Diamond Youth - Shake [EP] (Cover Artwork)
Staff Pick

Diamond Youth

Diamond Youth: Shake [EP]

Shake [EP] (2014)

Topshelf Records


4
The biggest issues with Diamond Youth's previous EP, Orange: That most of the songs sounded rather similar and that opener "Cannonball" was noticeably better than the rest of the record, have both been corrected on Shake, their followup, arriving only a little over a year later. The songs on Shake ...

The biggest issues with Diamond Youth's previous EP, Orange: That most of the songs sounded rather similar and that opener "Cannonball" was noticeably better than the rest of the record, have both been corrected on Shake, their followup, arriving only a little over a year later. The songs on Shake are consistently great and stylistically varied enough to suggest that it might finally be time for a Diamond Youth full-length.

"Red Water" begins with a cool little surf-rock lick before the onslaught of loud rock guitars sets in. The production is massive; The guitars slice and the rhythm section booms. In the past, frontman Justin Gilman's falsetto vocals have recalled Matthew Bellamy of Muse, but he projects a much more Josh Homme vibe throughout Shake's running time. Queens of the Stone Age are perhaps a good reference point for the direction Diamond Youth seems to be heading, with most tracks on Shake coming across both aggressive and danceable in equal measure. "Can't Shake the Feeling" and the largely bass-driven "Follow Through" in particular show heavy Songs for the Deaf influence.

These tracks might be a little too slick for some of the group's early supporters, but the record also includes "Maryland Ice Cream," which, clocking in at a particularly furious and speedy forty-nine seconds is unquestionably the punkest song the group has recorded to date and reminds listeners that Diamond Youth was originally formed as a side project by members of Terror and Trapped Under Ice.

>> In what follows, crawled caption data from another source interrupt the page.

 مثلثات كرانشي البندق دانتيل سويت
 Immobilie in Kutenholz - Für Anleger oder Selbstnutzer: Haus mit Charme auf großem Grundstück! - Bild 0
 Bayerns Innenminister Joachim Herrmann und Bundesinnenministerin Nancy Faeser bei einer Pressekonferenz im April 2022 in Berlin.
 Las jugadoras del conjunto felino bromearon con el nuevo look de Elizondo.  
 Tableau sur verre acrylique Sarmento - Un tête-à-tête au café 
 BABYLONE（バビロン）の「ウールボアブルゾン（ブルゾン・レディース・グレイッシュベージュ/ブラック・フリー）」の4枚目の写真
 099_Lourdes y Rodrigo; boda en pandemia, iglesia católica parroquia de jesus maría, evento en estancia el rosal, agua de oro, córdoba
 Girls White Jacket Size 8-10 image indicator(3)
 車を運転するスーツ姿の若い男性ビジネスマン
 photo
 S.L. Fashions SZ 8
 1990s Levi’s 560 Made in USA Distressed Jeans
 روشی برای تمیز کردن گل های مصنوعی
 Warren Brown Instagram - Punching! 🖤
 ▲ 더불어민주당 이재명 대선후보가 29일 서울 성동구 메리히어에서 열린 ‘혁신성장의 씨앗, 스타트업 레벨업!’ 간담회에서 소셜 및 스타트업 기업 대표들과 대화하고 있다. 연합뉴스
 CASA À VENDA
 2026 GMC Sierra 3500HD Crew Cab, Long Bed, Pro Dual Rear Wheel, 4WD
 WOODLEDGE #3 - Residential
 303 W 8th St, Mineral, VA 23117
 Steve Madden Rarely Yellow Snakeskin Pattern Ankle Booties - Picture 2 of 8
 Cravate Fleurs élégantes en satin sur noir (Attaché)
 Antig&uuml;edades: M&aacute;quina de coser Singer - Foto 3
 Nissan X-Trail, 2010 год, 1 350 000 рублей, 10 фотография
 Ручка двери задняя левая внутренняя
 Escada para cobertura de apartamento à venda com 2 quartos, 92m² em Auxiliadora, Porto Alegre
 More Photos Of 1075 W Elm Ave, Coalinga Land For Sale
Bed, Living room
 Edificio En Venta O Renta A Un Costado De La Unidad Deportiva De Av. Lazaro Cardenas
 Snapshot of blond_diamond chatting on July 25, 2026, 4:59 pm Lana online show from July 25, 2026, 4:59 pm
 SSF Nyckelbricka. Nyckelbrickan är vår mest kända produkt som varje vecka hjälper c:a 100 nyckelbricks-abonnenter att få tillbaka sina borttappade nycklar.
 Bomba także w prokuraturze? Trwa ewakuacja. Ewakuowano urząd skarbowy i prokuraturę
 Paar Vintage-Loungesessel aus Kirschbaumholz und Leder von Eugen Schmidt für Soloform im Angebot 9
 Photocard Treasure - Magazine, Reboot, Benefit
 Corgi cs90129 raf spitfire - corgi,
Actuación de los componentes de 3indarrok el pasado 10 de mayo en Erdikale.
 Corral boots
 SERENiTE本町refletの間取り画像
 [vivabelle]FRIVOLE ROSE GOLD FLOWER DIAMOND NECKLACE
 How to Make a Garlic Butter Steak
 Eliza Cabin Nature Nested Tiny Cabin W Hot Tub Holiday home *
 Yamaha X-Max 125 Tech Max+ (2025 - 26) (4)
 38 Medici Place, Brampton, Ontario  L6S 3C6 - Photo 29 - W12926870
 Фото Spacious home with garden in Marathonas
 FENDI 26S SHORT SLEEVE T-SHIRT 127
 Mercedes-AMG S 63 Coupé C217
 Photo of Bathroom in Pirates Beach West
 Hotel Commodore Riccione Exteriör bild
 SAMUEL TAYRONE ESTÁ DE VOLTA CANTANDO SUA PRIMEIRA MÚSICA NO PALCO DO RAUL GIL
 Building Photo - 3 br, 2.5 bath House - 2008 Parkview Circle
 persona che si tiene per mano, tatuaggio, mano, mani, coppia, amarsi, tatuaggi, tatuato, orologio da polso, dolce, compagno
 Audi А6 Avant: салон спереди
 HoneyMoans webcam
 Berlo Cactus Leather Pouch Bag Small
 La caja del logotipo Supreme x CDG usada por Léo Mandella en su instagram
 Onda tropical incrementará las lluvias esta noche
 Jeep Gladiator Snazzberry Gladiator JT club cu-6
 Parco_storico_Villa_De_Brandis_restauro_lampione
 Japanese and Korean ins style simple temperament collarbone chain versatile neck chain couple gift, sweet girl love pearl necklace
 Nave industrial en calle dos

In the past Diamond Youth have, perhaps not entirely unfairly, been lumped into the "90s revival" scene, with bands like Title Fight, Basement and Daylight. However, Shake should be the record that pushes the group above and beyond those confines. This is radio-rock done right. Fans of Weezer, Foo Fighters and the aforementioned Queens of the Stone Age should take note, as Diamond Youth may soon be invading your airwaves alongside those bands. This a well-written, diverse and thoroughly enjoyable hook-laden rock record that will stay with you long after its runtime is over. Let's hope they get around to making a full-length sooner than later.